You can gem install yard
, then run yard doc
from the project root,
and then open the doc/index.html
file in a browser.
Requirements
- This gem only works with JRuby.
- The Apache Tika jar file must be installed on your system. See the Installation section below for more information.
Rika currently supports some basic and commonly used functions of Tika. Since it runs on JRuby, the Tika library's Java methods can be called directly from Ruby code for more advanced needs. See the Other Tika Resources section of this document for alternatives to Rika that may suit more demanding needs.
Rika can be used either as a gem in your own Ruby project, or on the command line using the provided executable.
Usage in Your Ruby Code
Important
It is necessary to call Rika.init
before using Rika. This is because the loading of the Tika library
has been put in an init method, rather than at load time, so that 'jar file not found or specified' errors
do not prevent your application from loading. If you forget to call Rika.init
, you may see seemingly unrelated
error messages.
As a convenience, the Rika.init
method is called automatically when you call the Rika module methods. However,
if you access other Rika classes and methods, init
may not have been called yet, so you should call it yourself.
The Rika parse
method returns a Rika::ParseResult
object that contains the parsed text and
various pieces of metadata. The ParseResult
class' main methods are:
-
content
- the parsed text -
metadata
- a hash of metadata key/value pairs -
content_type
- the content type of the parsed data, e.g. "text/plain; charset=UTF-8" -
language
- the language of the parsed data, e.g. "en" -
data_source
- the data source, either a filespec or a URL
For example:
require 'rika'
parse_result = Rika.parse('x.pdf') # returns a Rika::ParseResult object
parse_result.content # string containing all content text
parse_result.text # 'text' is an alias for 'content'
parse_result.metadata # hash containing the document metadata
parse_result.content_type # e.g. "application/pdf"
parse_result.language # e.g. "en"
parse_result.data_source # e.g. "x.pdf"
A URL can be used instead of a filespec wherever a data source is specified:
parse_result = Rika.parse('https://github.com/keithrbennett/rika')

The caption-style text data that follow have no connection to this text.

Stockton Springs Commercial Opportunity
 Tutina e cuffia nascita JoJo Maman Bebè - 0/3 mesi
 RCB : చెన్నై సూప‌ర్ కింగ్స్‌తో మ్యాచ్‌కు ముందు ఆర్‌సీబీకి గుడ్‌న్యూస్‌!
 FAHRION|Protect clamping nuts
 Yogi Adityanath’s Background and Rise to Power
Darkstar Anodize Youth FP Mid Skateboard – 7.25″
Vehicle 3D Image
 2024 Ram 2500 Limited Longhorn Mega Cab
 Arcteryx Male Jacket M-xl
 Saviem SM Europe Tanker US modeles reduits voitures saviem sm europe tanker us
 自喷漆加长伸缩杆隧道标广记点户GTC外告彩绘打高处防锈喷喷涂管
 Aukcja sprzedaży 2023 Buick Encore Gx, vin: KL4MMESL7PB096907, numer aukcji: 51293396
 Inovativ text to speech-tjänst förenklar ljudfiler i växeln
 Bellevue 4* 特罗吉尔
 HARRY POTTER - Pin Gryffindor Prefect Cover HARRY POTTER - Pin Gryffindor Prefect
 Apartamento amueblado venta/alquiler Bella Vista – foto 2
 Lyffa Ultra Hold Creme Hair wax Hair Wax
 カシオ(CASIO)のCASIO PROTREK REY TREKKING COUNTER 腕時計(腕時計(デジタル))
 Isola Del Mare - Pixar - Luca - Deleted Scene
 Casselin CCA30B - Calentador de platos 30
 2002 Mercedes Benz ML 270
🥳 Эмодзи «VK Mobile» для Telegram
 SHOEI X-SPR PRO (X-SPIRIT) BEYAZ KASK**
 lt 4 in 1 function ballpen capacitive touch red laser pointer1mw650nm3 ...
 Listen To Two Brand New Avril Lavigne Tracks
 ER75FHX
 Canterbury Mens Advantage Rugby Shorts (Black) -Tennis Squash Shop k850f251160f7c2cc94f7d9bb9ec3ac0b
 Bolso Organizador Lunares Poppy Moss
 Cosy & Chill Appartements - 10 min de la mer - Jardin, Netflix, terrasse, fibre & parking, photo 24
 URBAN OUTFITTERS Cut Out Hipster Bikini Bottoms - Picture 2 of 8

The Rika module also has the following methods:
Rika.language("magnifique") # => "fr"
Rika.tika_version # => "2.9.0"
Command Line Executable Usage
Rika can also be used on the command line using the rika
executable. For example, the simplest form is to simply
specify one or more filespecs or URL's as arguments:
rika x.pdf https://github.com/keithrbennett/rika
Note
If running rika
produces an error indicating that the JRuby interpreter cannot be found, try preceding it with jruby
, e.g. jruby rika x.pdf
.
Here is the help text:
Rika v2.0.2 (Tika v2.9.0) - https://github.com/keithrbennett/rika
Usage: rika [options] <file or url> [...file or url...]
Output formats are: [a]wesome_print, [t]o_s, [i]nspect, [j]son), [J] for pretty json, and [y]aml.
If a format contains two letters, the first will be used for metadata, the second for text.
Values for the text, metadata, and as_array boolean options may be specified as follows:
Enable: +, true, yes, [empty]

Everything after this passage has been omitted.